Tutorial: Use a canary deployment strategy for Kubernetes deployments

Azure DevOps Services | Azure DevOps Server 2022

A canary deployment strategy means deploying new versions of an application next to stable, production versions. You can then see how the canary version compares to the baseline, before promoting or rejecting the deployment.

This step-by-step guide covers how to use the Kubernetes manifest task's canary strategy. Specifically, you'll learn how to set up canary deployments for Kubernetes, and the associated workflow to evaluate code. You then use that code to compare baseline and canary app deployments, so you can decide whether to promote or reject the canary deployment.

If you're using Azure Kubernetes Service, the Azure Resource Manager service connection type is the best way to connect to a private cluster, or a cluster that has local accounts disabled.

Prerequisites

Sample code

Fork the following repository on GitHub.

https://github.com/MicrosoftDocs/azure-pipelines-canary-k8s

Here's a brief overview of the files in the repository that are used during this guide:

  • ./app:
    • app.py - A simple, Flask-based web server that is instrumented by using the Prometheus instrumentation library for Python applications.
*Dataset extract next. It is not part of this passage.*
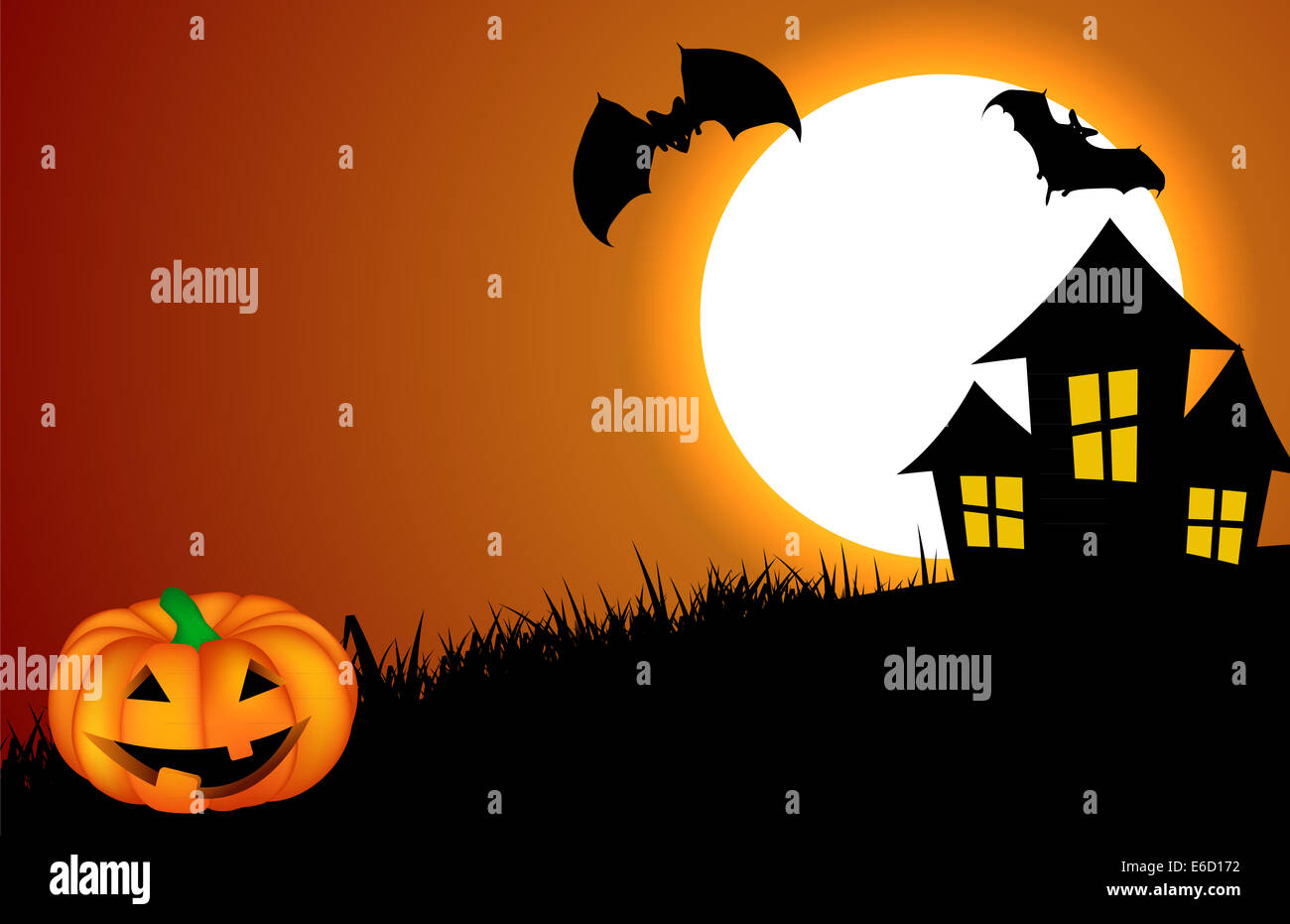 Halloween Background with Pumpkin Vector Illustration Stock Photo - Alamy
A custom counter is set up for the number of good and bad responses given out, based on the value of the success_rate variable.
    • Dockerfile - Used for building the image with each change made to app.py. With each change, the build pipeline is triggered and the image gets built and pushed to the container registry.
  • ./manifests:
    • deployment.yml - Contains the specification of the sampleapp deployment workload corresponding to the image published earlier. You use this manifest file not just for the stable version of deployment object, but also for deriving the baseline and canary variants of the workloads.
    • service.yml - Creates the sampleapp service. This service routes requests to the pods spun up by the deployments (stable, baseline, and canary) mentioned previously.
  • ./misc
    • service-monitor.yml - Used to set up a ServiceMonitor object. This object sets up Prometheus metric scraping.
    • fortio-deploy.yml - Used to set up a fortio deployment. This deployment is later used as a load-testing tool, to send a stream of requests to the sampleapp service deployed earlier. The stream of requests sent to sampleapp are routed to pods under all three deployments (stable, baseline, and canary).

Note

In this guide, you use Prometheus for code instrumentation and monitoring. Any equivalent solution, like Azure Application Insights, can be used as an alternative.
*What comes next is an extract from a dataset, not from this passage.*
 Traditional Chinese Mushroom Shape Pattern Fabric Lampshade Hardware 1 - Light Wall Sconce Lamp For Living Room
Install prometheus-operator

To install Prometheus on your cluster, use the following command from your development machine. You must have kubectl and Helm installed, and you must set the context to the cluster you want to deploy against. Grafana, which you use later to visualize the baseline and canary metrics on dashboards, is installed as part of this Helm chart.

You'll first add the Prometheus Community Kubernetes Helm Charts repository to your Helm installation. Then you'll install the kube-prometheus stack, a collection of Kubernetes manifests, Grafana dashboards, and Prometheus rules.

helm repo add prometheus-community https://prometheus-community.github.io/helm-charts
helm repo update # update local cache
helm install --name sampleapp  prometheus-community/kube-prometheus-stack

Create service connections

  1. Go to Project settings > Pipelines > Service connections in the Azure DevOps menu.
  2. Create a Docker registry service connection associated with your container registry. Name it azure-pipelines-canary-k8s.
  3. Create a Kubernetes service connection for the Kubernetes cluster and namespace you want to deploy to. Name it azure-pipelines-canary-k8s.

Note

If you're using Azure Kubernetes Service, the Azure Resource Manager service connection type is the best way to connect to a private cluster, or a cluster that has local accounts disabled.

Set up continuous integration

  1. Go to Pipelines > Create Pipeline, and select your repository.

  2. On the Configure tab, choose Starter pipeline.

  3. On the Review tab, replace the pipeline YAML with this code.

    trigger:
    - main
    
    pool:
      vmImage: ubuntu-latest
    
    variables:
      imageName: azure-pipelines-canary-k8s
    
    steps:
    - task: Docker@2
      displayName: Build and push image
      inputs:
        containerRegistry: azure-pipelines-canary-k8s #replace with name of your Docker registry service connection
        repository: $(imageName)
        command: buildAndPush
        Dockerfile: app/Dockerfile
        tags: |
          $(Build.BuildId)
    

    If the Docker registry service connection that you created is associated with example.azurecr.io, then the image is to example.azurecr.io/azure-pipelines-canary-k8s:$(Build.BuildId), based on the preceding configuration.

Edit manifest file

In manifests/deployment.yml, replace <example> with your container registry's URL. For example, after replacement, the image field should look something like contosodemo.azurecr.io/azure-pipelines-canary-k8s.

Set up continuous deployment

The following sections provide steps for setting up continuous deployment, including how to deploy the canary stage, and how to promote or reject the canary through manual intervention.

Deploy canary stage

You can deploy with YAML or Classic.

  1. Go to Pipelines > Environments > Create environment.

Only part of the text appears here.